Even though I'm sure there's a less crass way to phrase it, to me it still sounds exceedingly arrogant. I might be overreacting though. You tell me: if I prefaced my post with that, would you be more or less inclined to take me seriously?

I do like the idea of explaining why I think the advice works in the first place. I will start writing something up about that and append it to the original post.

Comment author: Sniffnoy 27 May 2015 07:16:23PM 2 points [-]

I'm confused about the "strategy" section; it seems largely redundant with the earlier parts.

Comment author: Nanashi 27 May 2015 07:50:16PM 3 points [-]

Bad editing on my part. Ill update the post and include the original here for posterity

Comment author: estimator 27 May 2015 06:37:23PM 2 points [-]

So, taking a look at what you actually propose to do, this reduces to a) learn some phrases from the tourist phrasebook and b) learn the rest of the language while c) avoiding high-stakes situations where you need language knowledge. Reminds me of this.

Comment author: Nanashi 27 May 2015 06:40:51PM *  0 points [-]

Yup, pretty much. To quote myself

TL;DR: The fastest way to learn new skills is to 1. Break it down into enough "recipes" or "how-to" guides that they cover most of what you might encounter, and 2. Figure out how to eloquently ask for help if you don't know what to do.

(Incidentally, the link you posted does not work, it's giving me a 404).

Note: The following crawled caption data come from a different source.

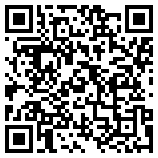 QR Code for First Class Title in Orlando, FL 32825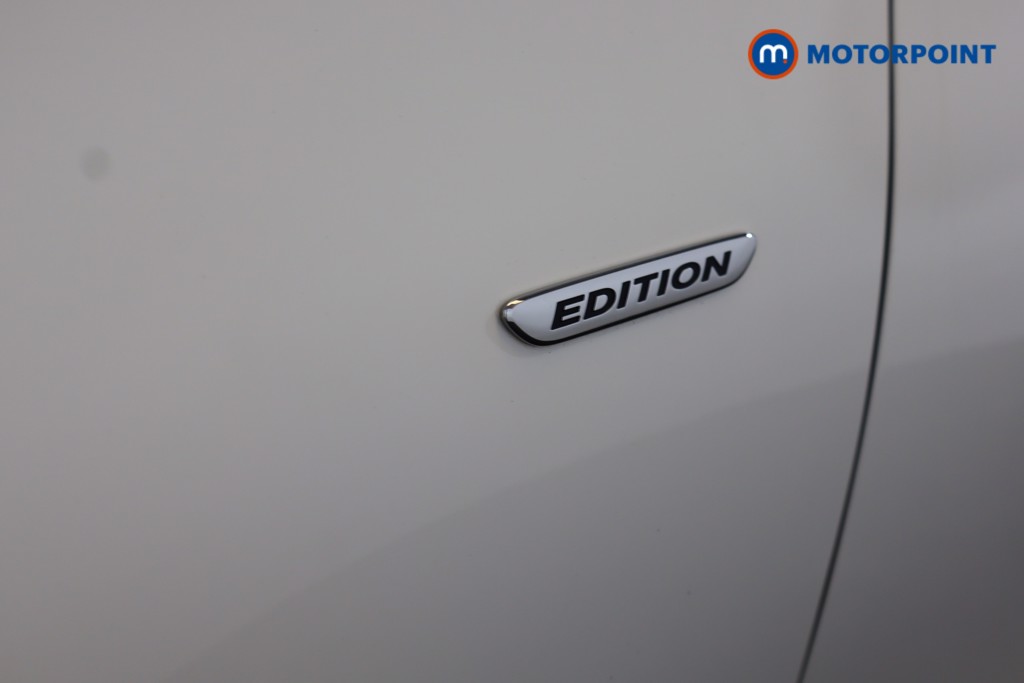 Mercedes-Benz A Class Amg Line Premium Plus Edition Automatic Petrol Hatchback - Stock Number (1558237) - 13th supplementary image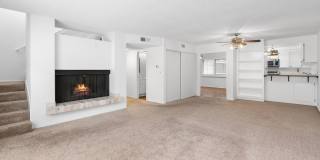 7137 Shoup Avenue Gallery 5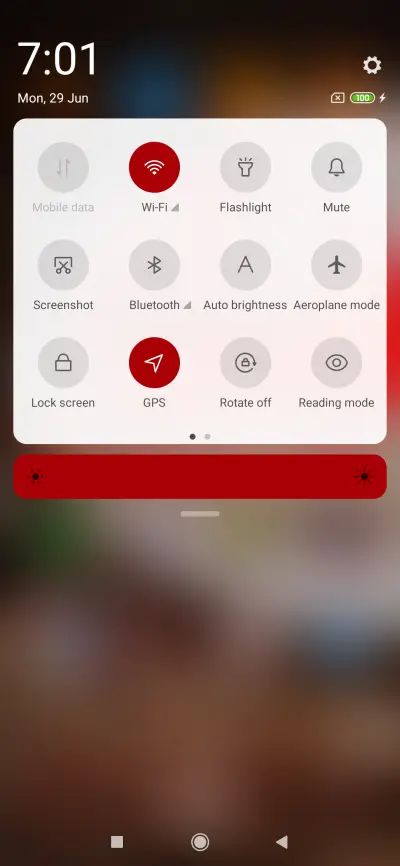 Sweets_3MDS - Screenshot 5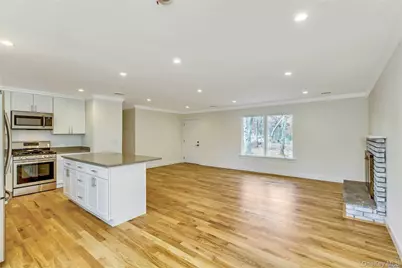 51 Ocean Avenue, Hampton Bays, NY 11946 - Photo 6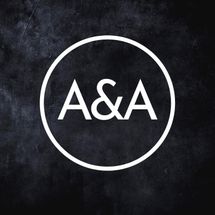 Foto de Ministério Aliança & Adoração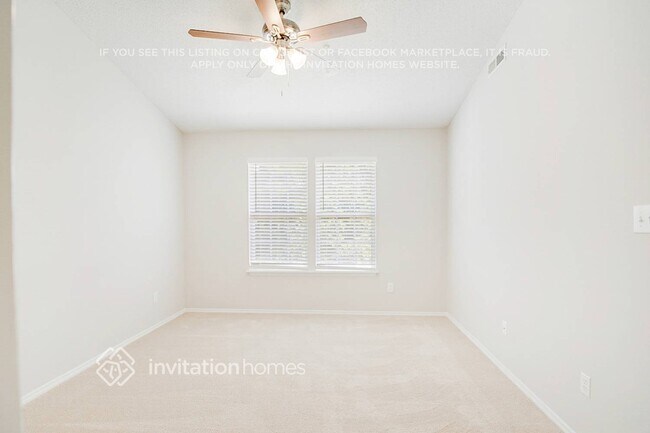 Building Photo - 6317 Saybrooke Dr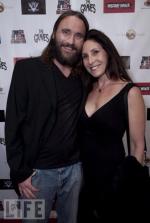 Лорин МакКрэйли: 538x797 / 52 Кб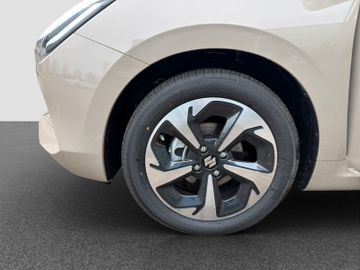 Fotografie 15 des Suzuki Swift 1.2 Comfort+ AUTOMATIK | LED | ACC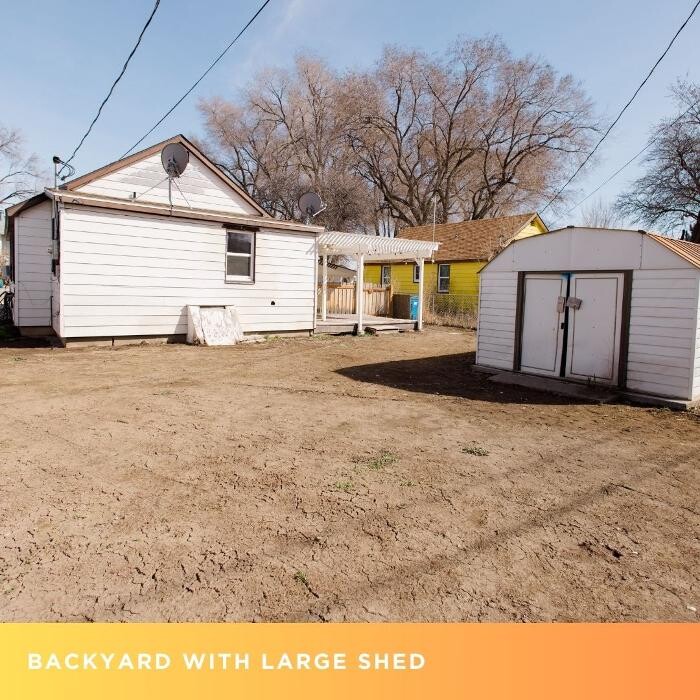 Images Mountain Home Pro Real Estate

Comment author: estimator 27 May 2015 06:11:06PM 8 points [-]

Articles on such topics are notorious for their average bad quality. Reformulating in Bayesian terms, the prior probability of your statements being true is low, so you should provide some proofs or evidence -- or why I (or anyone) should believe you? Have you actually checked if it works? Have you actually checked if it works for somebody else?

I don't think that personal achievements are a bullet-proof argumentation for such an advice. Still, when I read something like this, I'm pretty sure that it contains valuable information, although it is probably a mistake to follow such advice verbatim anyway. So, if you have Hamming-level credentials, it will help.

As for your article, probably the only way to fix it is to add proofs to your statements. What evidence supports them? Is there any psychological research to back up your claims? Why do you think it is optimal (or near-optimal) way to learn skills?

This is a good self-help article. Can you see the reference list? :)

Comment author: Nanashi 27 May 2015 06:36:07PM *  2 points [-]

Articles on such topics are notorious for their average bad quality.

That's interesting, I wasn't aware of that reputation. That's good to know and certainly justifies your skepticism.

All that said, I think one can still evaluate your point (and in my case, my Less Wrong post) based on its internal logic and how consistent it is with one's own observations, without needing research to back it up. It would be easy enough to dismiss your own post for the very reasons you cited. Consider the following:

"In general, people new to a community are notoriously bad at gauging the pulse of said community. To reformulate in Bayesian terms, based on the length of time you've been posting here, the prior probability of your statement being true is low, so shouldn't you provide some proofs or evidence -- or why should I (or anyone) believe you?"

But to me, your logic checks out, and is fairly consistent with my own observations (that most self-help publications tend to be garbage), so that shifts the probabilities significantly in your favor. I'm hoping that people will evaluate my own post by similar criteria, rather than immediately dismissing it.